Pharmacy is being carved out of managed care.
This is being done to allow consumers, providers, and pharmacists to have one formulary to work with, with consistent prior authorization requirements for consumers.
"To help ensure utilization does not increase unnecessarily, we have structured the managed care capitation rates to align their incentives around utilization management with our goals," says Ms. Burdette. "We have also worked closely with the plans to ensure they have the tools necessary to make the transition seamless, so they will be our partners in this as we move forward."
Approach has limits
One obvious limitation of utilization management efforts, however, is that most of these occur when patients are already in the hospital, instead of preventing them from getting there in the first place.
"There isn't enough being done to ensure they do not get rehospitalized, and there is much to be saved there," says Anne Gauthier, a senior fellow at the Washington, DC-based National Academy for State Health Policy. "The emphasis is on the expensive cases, but the best approach is a full chronic care model. That can reap the most savings."
There is no question that utilization review is important for Medicaid programs. "That needs to be done, but it isn't going to get at the biggest issues. It won't really improve the delivery system to improve care with care of patients with chronic illnesses," says Ms. Gauthier. "Broader payment reform is another new approach, but there aren't many states really thinking about that right now."
The most innovation is coming out of programs aiming to strengthen primary care, sometimes through medical homes, says Ms. Gauthier. "They are trying to connect practices in ways that provide a better system for patients, so that in some cases, they avoid hospitalization altogether. And if they are hospitalized, there is appropriately coordinated support when they leave, so they take their medications, which is a leading cause of readmission. And they are seen by a physician quickly if necessary, so they don't wind up back in the hospital again."
These kinds of initiatives, combined with the use of electronic medical records and health information exchanges, can help identify the patients at most risk of being hospitalized. "These patients need continuing management of their chronic disease. Paying attention to those patients is the opportunity for the biggest savings," says Ms. Gauthier.
Another potential missed opportunity for state Medicaid programs involves savings achieved through health information technology (HIT). These would likely be much more significant if HIT planning efforts were tied to utilization review approaches.
"Most states are planning on investing in HIT, but that planning is happening outside of folks doing utilization review," says Ms. Gauthier. "It's actually possible that Medicaid programs could see a return on investment in their HIT investments, if they implemented electronic medical records and Health Information Exchanges in conjunction with their systems for looking at utilization review. But as far as I can see, most are in two very separate tracks."
Making upgrades to existing MMIS systems, says Ms. Gauthier, "is taking over all the airspace. Most states have extremely clunky and old systems. So, just to get them into the modern age is taking all their efforts."

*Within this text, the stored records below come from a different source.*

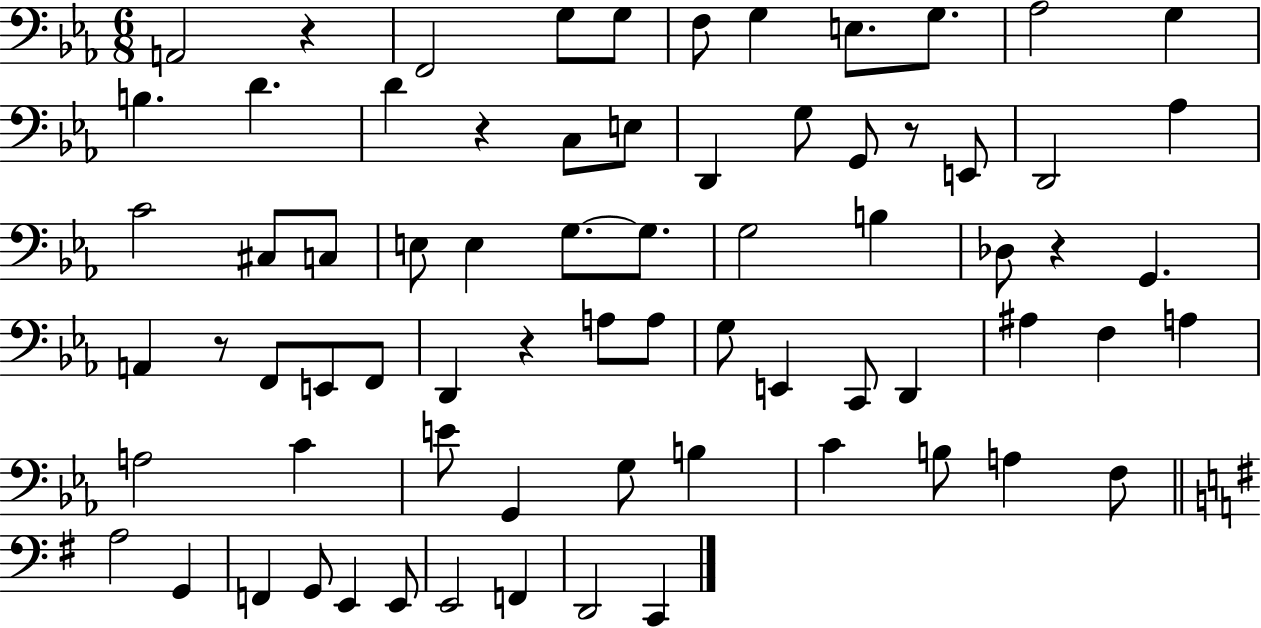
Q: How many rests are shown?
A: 6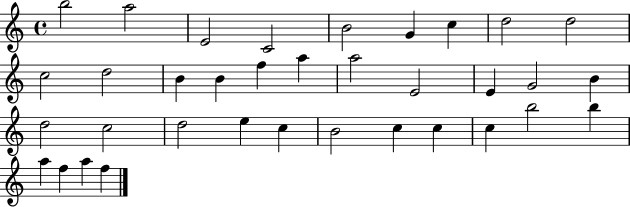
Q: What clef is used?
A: treble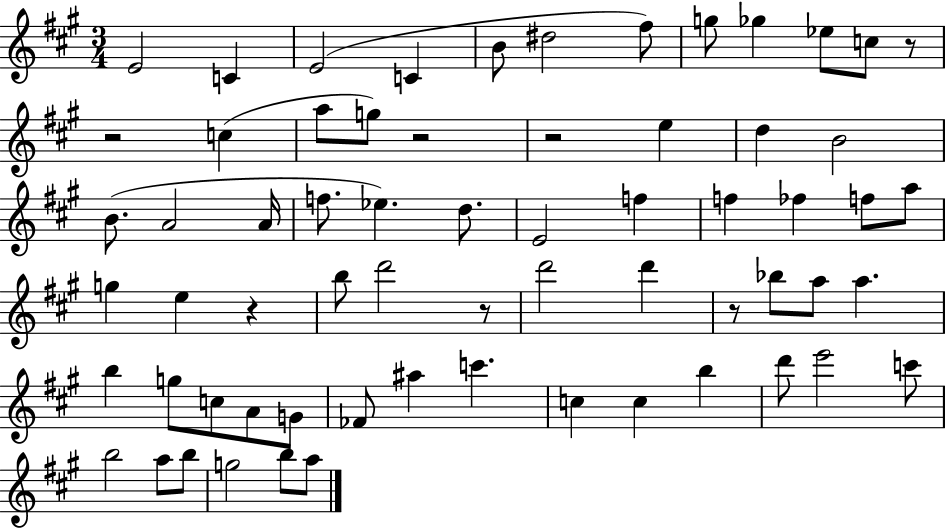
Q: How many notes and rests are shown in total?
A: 65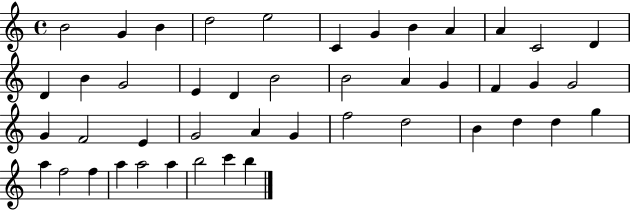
X:1
T:Untitled
M:4/4
L:1/4
K:C
B2 G B d2 e2 C G B A A C2 D D B G2 E D B2 B2 A G F G G2 G F2 E G2 A G f2 d2 B d d g a f2 f a a2 a b2 c' b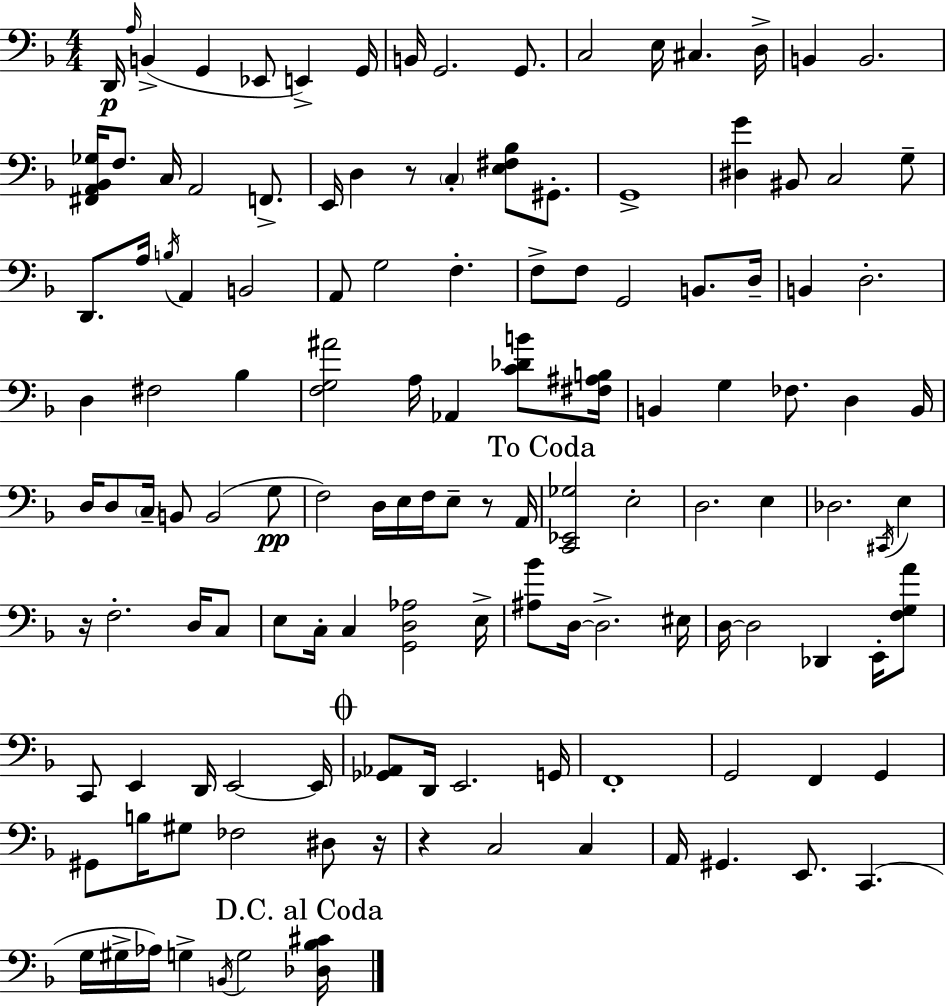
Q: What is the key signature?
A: F major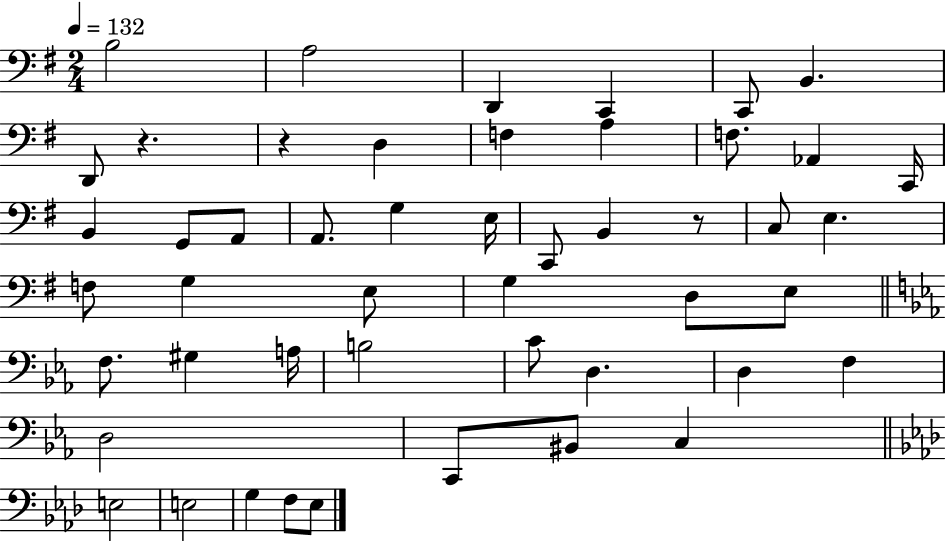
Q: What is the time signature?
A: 2/4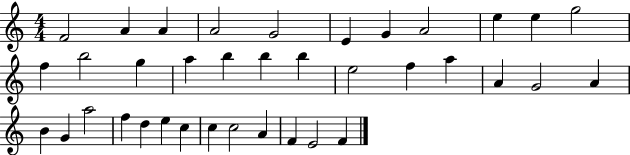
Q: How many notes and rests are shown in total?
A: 37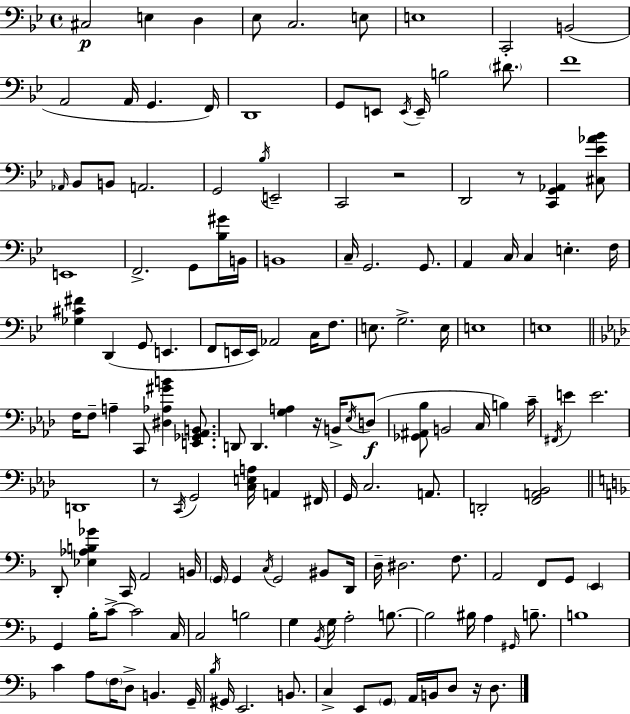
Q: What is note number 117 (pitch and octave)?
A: B3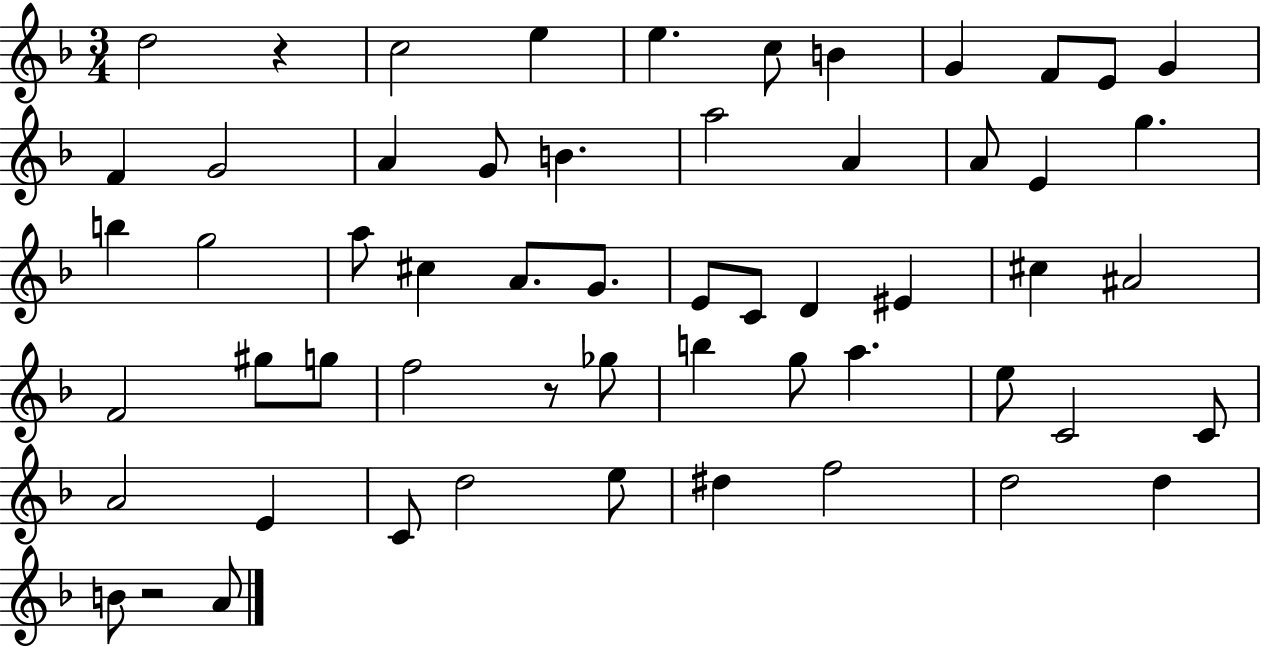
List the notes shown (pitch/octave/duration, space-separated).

D5/h R/q C5/h E5/q E5/q. C5/e B4/q G4/q F4/e E4/e G4/q F4/q G4/h A4/q G4/e B4/q. A5/h A4/q A4/e E4/q G5/q. B5/q G5/h A5/e C#5/q A4/e. G4/e. E4/e C4/e D4/q EIS4/q C#5/q A#4/h F4/h G#5/e G5/e F5/h R/e Gb5/e B5/q G5/e A5/q. E5/e C4/h C4/e A4/h E4/q C4/e D5/h E5/e D#5/q F5/h D5/h D5/q B4/e R/h A4/e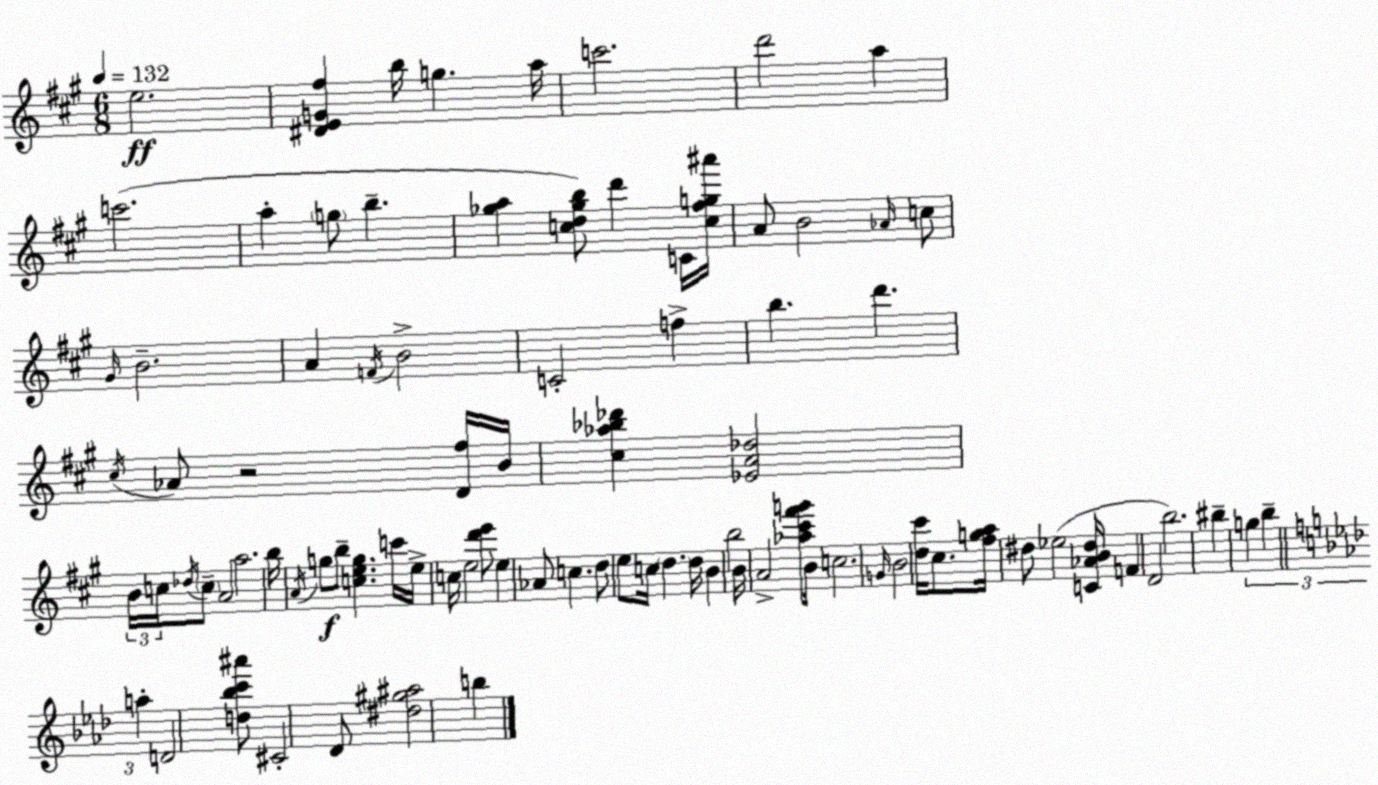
X:1
T:Untitled
M:6/8
L:1/4
K:A
e2 [^DEG^f] b/4 g a/4 c'2 d'2 a c'2 a g/2 b [_ga] [cd_gb]/2 d' C/4 [c^fg^a']/4 A/2 B2 _A/4 c/2 ^G/4 B2 A F/4 B2 C2 f b d' ^c/4 _A/2 z2 [D^f]/4 B/4 [^c_a_b_d'] [_EA_d]2 B/4 c/4 _d/4 c/2 A2 a2 b/4 A/4 g/2 b/2 [ceg] c'/4 e/4 c/4 e2 [d'e']/2 e _A/2 c d/2 e/2 c/4 d d/4 B b2 B/4 A2 [_a^c'^f'g']/2 B/4 c2 G/4 B2 [d^c']/4 ^c/2 [^fga]/4 ^d/2 _e2 [C_AB^d]/4 F D2 b2 ^b g b a D2 [d_bc'^a']/2 ^C2 _D/2 [^d^g^a]2 b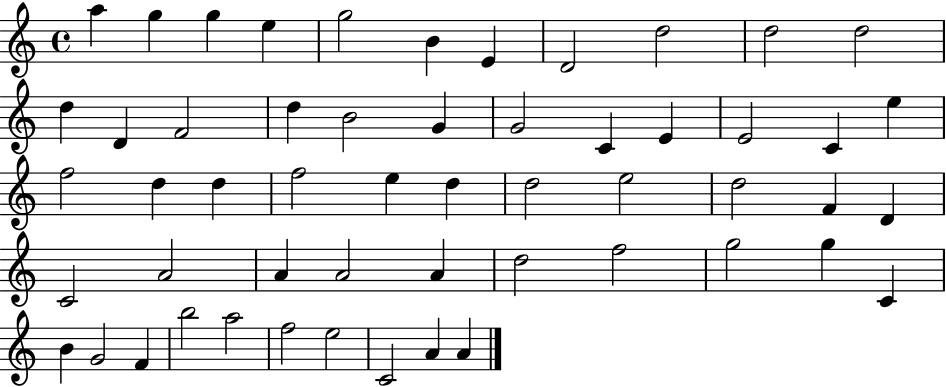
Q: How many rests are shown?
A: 0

Clearly, no one wants Medicaid dollars to pay for inappropriate or unnecessary care, but there is also the big picture to consider, says Ms. Gauthier. "Recovering money fraudulently spent is important to do, though it's not the major driver of costs," she says. "It is true that sometimes millions of dollars are recovered. But that pales in comparison to the billions of dollars that could be saved if incentives were better aligned in our system. Providers could keep somebody out of the hospital and not be financially penalized for doing so."